An expert panel, called the Advisory Committee on Heritable Disorders and Genetic Diseases in Newborns and Children, has been convened to evaluate the recent ACMG report and make recommendations to HHS.
The task force, of which van Dyck is a member, consists of geneticists, laboratory directors, pediatricians, parents, federal agencies and advocate groups.
HHS Secretary Mike Leavitt is expected to make final recommendations later this summer. As with childhood vaccinations, Leavitt’s decision will not bind individual states but is expected to influence their choice of screening tests and act as a uniform guide for states to follow.
“The federal government does not have the authority to regulate it. But we feel the guidance will be appropriate and it will provide the best guidance on the care for mothers and babies,” van Dyck explained. “For every state to plow that same ground doesn’t seem to make a lot of sense.”
He said the committee also is “concerned with the unevenness” of testing, state to state.
“It does not seem entirely fair that a newborn in one state is tested for five conditions, while a baby one state over is tested for 20 or 25,” he added. “That bothers parents. It bothers us. And it bothers the provider community.”
HRSA appears to agree with Nawn’s assessment that newborns should be tested, no matter what the current state policy is.
“If you’re a state that hasn’t been testing, you need to make the parents of newborns aware that those tests are available and that they can get them in some other way if they choose,” van Dyck said. “We believe that every parent and newborn in the U.S. should have access to an expended panel, whether their state is currently testing for all of them or not.”
That also was the recommendation of the committee reviewing the ACMG report.
Federal agencies provide technical assistance and some funding for regional newborn screening centers, and the March of Dimes also provides grants to states to purchase equipment.
“There should clearly be a uniform panel that all states should do, and having variation is not scientifically sound,” said R. Rodney Howell, MD, committee chairman and professor of pediatrics at the University of Miami School of Medicine (Miami), during a recent committee meeting. “We’re not creating a blueprint for a national policy, but we need to engage states in better ways.”

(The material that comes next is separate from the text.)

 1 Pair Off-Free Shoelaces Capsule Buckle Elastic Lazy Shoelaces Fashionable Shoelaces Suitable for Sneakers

Some states have argued that inherited metabolic diseases are so uncommon that parents who want extra screening tests should pay out of pocket, anywhere from $25 to $100, to one of the nation’s four commercial newborn-screening labs.
“I am not aware of any state that is not wrestling with this issue right now,” he added. “Every state has either expanded their panel or is working on it. It’s not an issue of states not wanting to do it. It is an issue of evidence and evidence-based medicine that states are going through in order to provide the safest panel they believe is appropriate for their state.”